Bathroom brand VitrA has collaborated with Milan-based American designer, Terri Pecora, to create Plural – a collection inspired by the heritage of communal bathing spaces and rituals.
The Plural series presents the bathroom as an informal living space in its own right, with Pecora conceiving organic-shaped design elements that can be used in multiple combinations to form a personalised and intimate setting. Neutral colour palettes and wood finishes also bring a sense of warmth and domesticity.
“The Plural collection celebrates a new modern ritual, a contemporary version of shared bathing spaces,” comments Pecora. “I call it shared intimacy.”
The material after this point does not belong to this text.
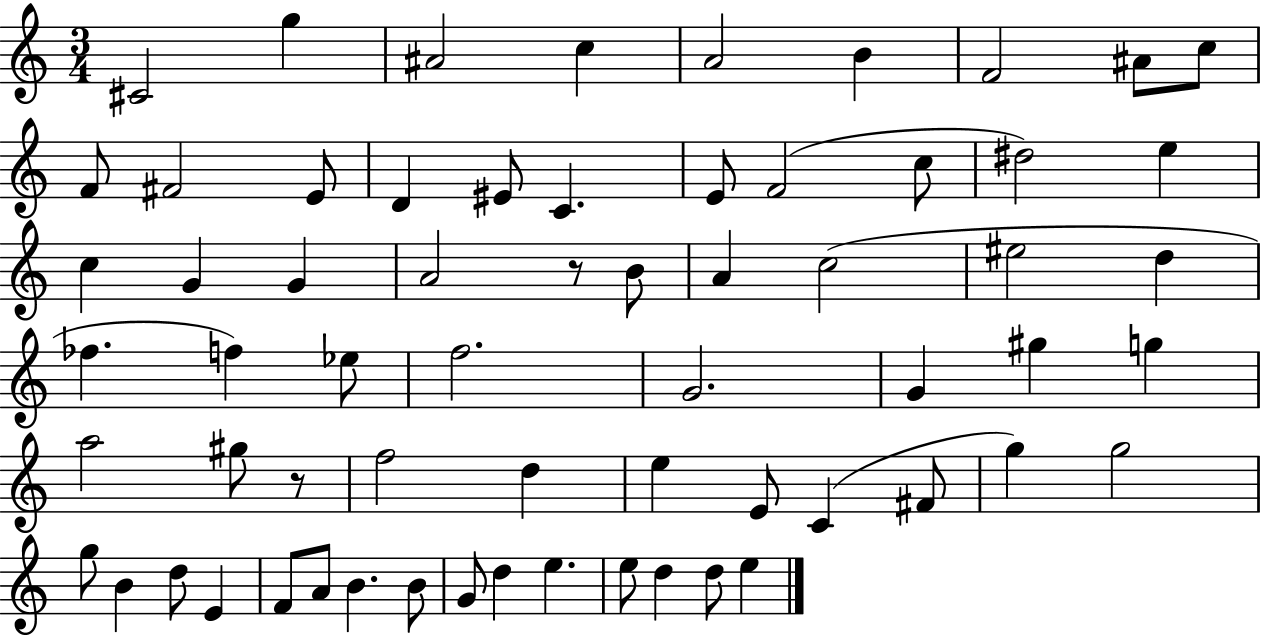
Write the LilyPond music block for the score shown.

Reinterpreting the traditional bathroom layout, key features of the range include the layering and grouping of different furniture pieces to create overlapping heights, colours and dynamic configurations. Several of the basins can also be regrouped at the centre of a room as a contemporary nod to communal washing spaces.
Introducing three innovative syphon solutions – one of which allows the ceramic basins to be placed at various angles as an alternative to conventional positioning by the wall, the collection encourages users to face each other and engage with their surroundings. Further design features allow the washbasins to be mounted in an open bathroom space, while retaining a minimalistic aesthetic, as well as the fitting of column basins at free angles as appose to more common 90° options.
Erdem Akan, Design Director, VitrA explains: “At VitrA, we wanted to create a new methodology that responds to the recent evolution of the bathroom ritual. We focused on the time spent in the bathroom and our interaction within the space rather than the products. This investigation led us to work with Terri Pecora on the design of the Plural collection, which reinterprets the bathroom as a social hub.”
The range further includes two mirrors – one of which is vertical and can rotate between two basins, while the other is horizontally shaped and angles towards the wall at one end for multiple positioned viewing.